** Source data follows **

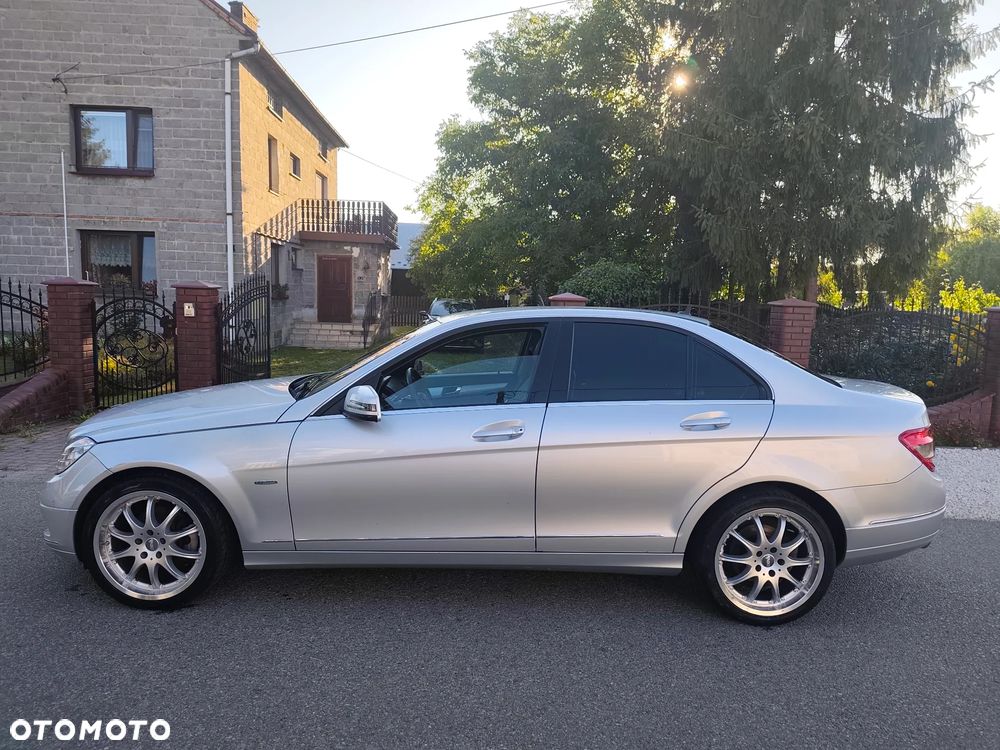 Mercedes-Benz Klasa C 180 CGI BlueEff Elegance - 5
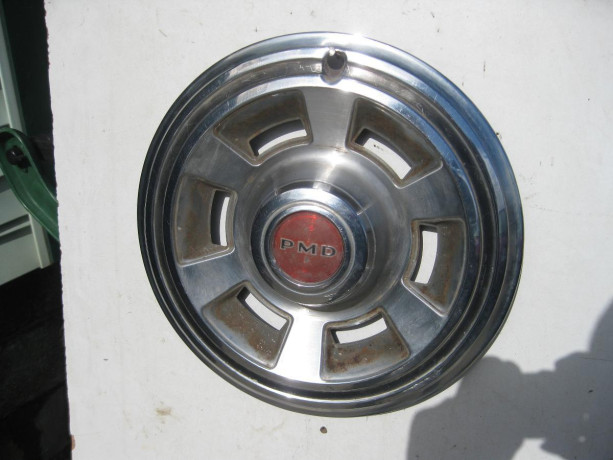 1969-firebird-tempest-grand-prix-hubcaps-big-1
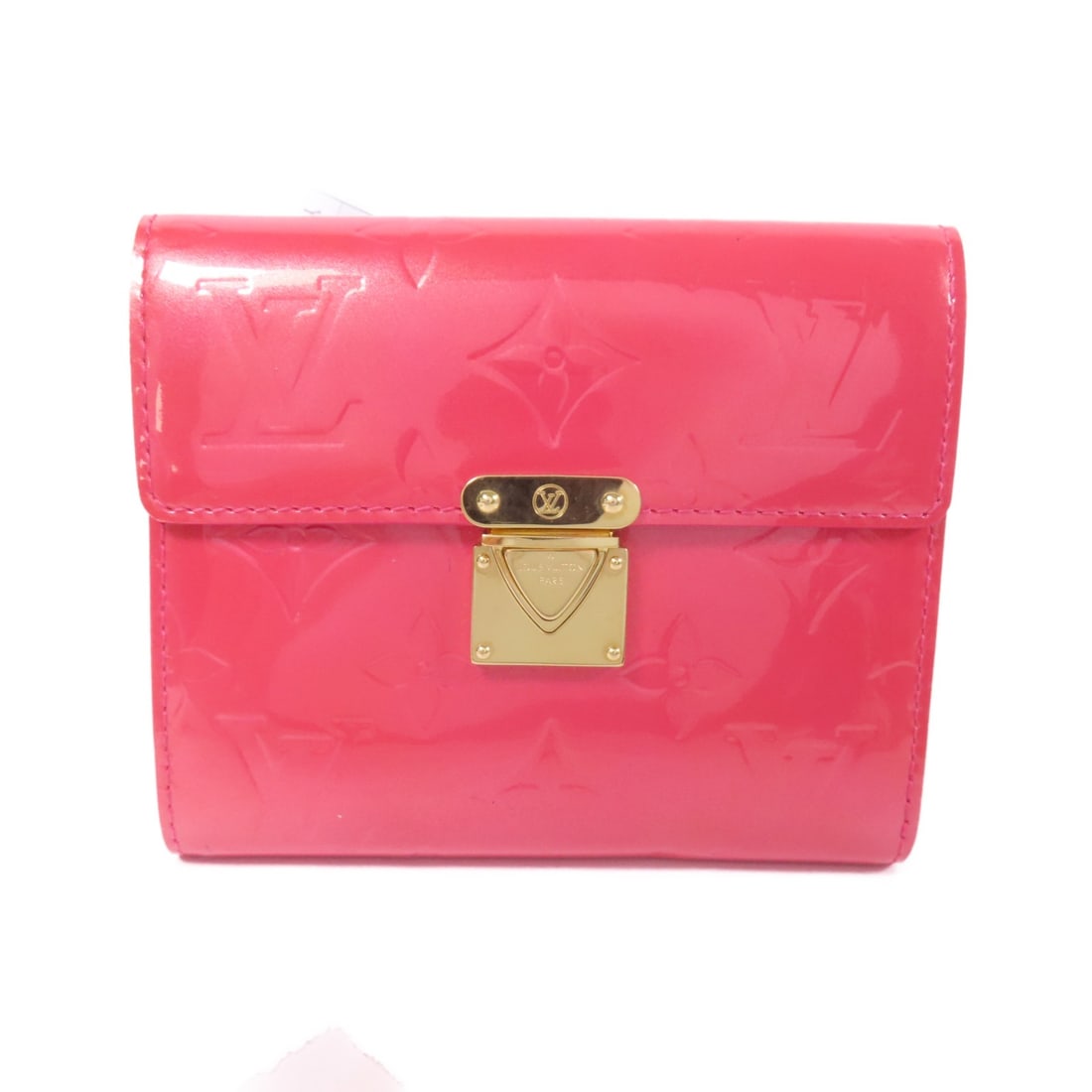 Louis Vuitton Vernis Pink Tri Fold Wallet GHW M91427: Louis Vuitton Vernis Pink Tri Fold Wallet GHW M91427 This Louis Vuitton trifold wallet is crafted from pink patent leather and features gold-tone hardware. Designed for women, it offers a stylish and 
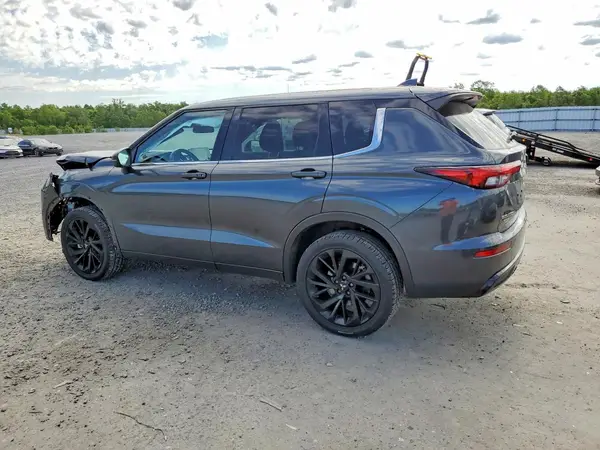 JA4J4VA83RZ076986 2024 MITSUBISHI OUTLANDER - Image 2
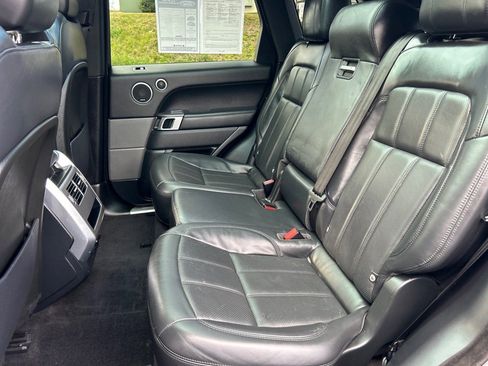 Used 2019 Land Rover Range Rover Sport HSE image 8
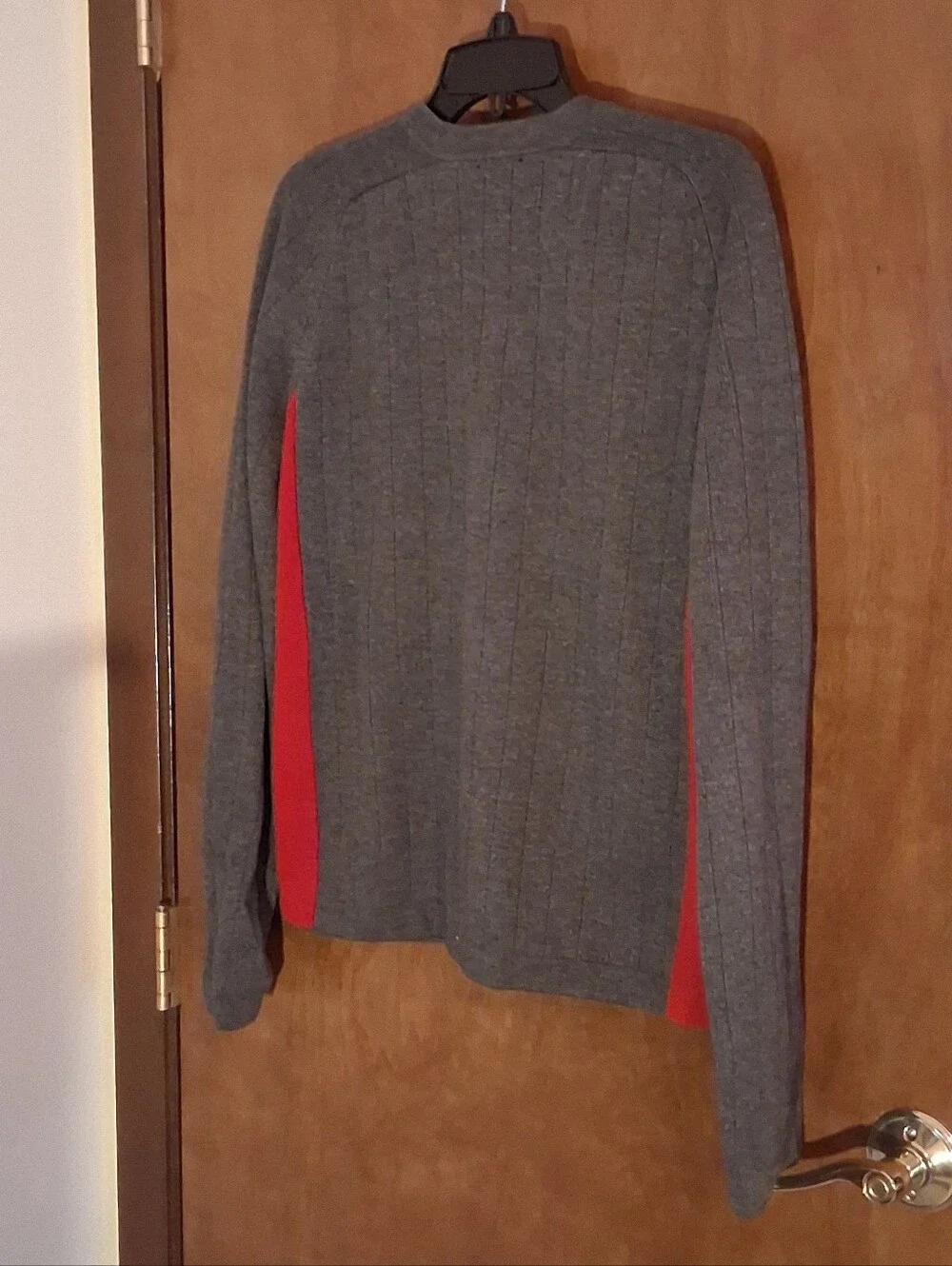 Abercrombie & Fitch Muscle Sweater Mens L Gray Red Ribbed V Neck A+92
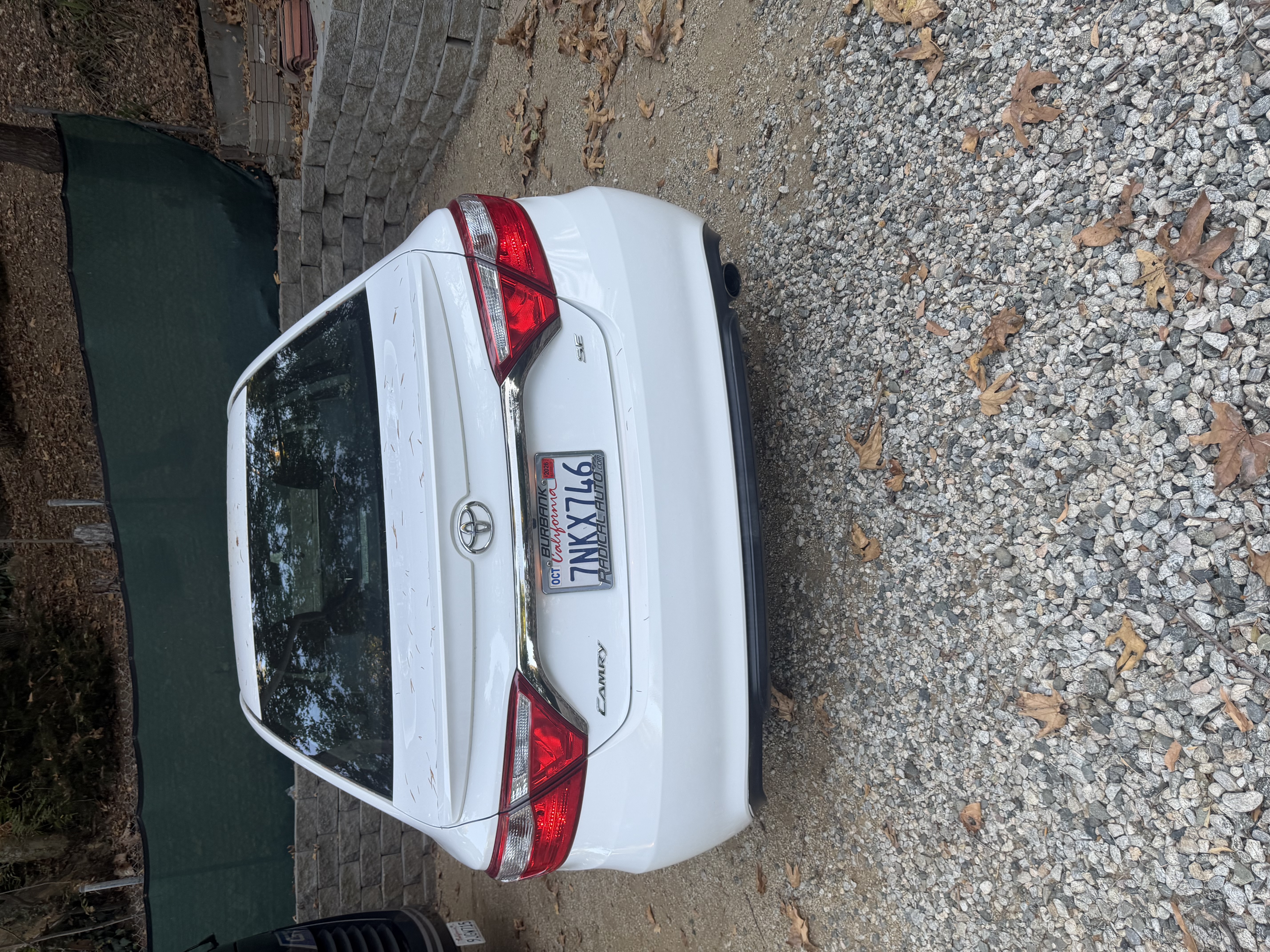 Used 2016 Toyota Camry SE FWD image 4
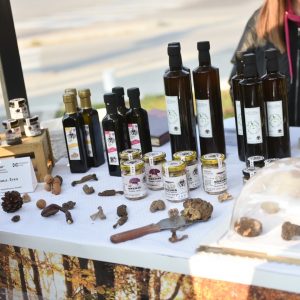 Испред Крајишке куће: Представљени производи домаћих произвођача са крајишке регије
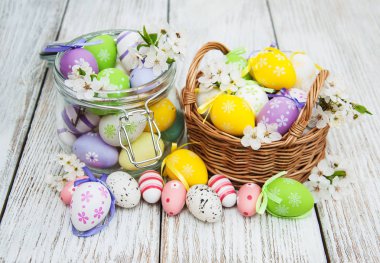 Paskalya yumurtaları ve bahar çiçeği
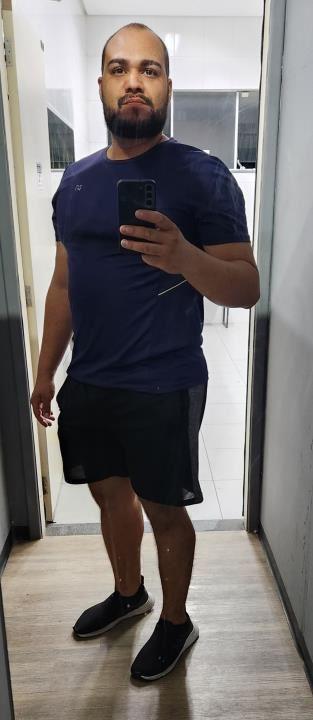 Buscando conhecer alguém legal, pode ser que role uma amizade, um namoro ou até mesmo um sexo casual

** End of Source data **

__Work item__. At the line containing "Used 2016 Toyota Camry SE FWD image 4", start reproducing exactly, and stop after the last line of the listing; include both ends, and leave the pictures out.

__Your response__.
 Used 2016 Toyota Camry SE FWD image 4
 Испред Крајишке куће: Представљени производи домаћих произвођача са крајишке регије
 Paskalya yumurtaları ve bahar çiçeği
 Buscando conhecer alguém legal, pode ser que role uma amizade, um namoro ou até mesmo um sexo casual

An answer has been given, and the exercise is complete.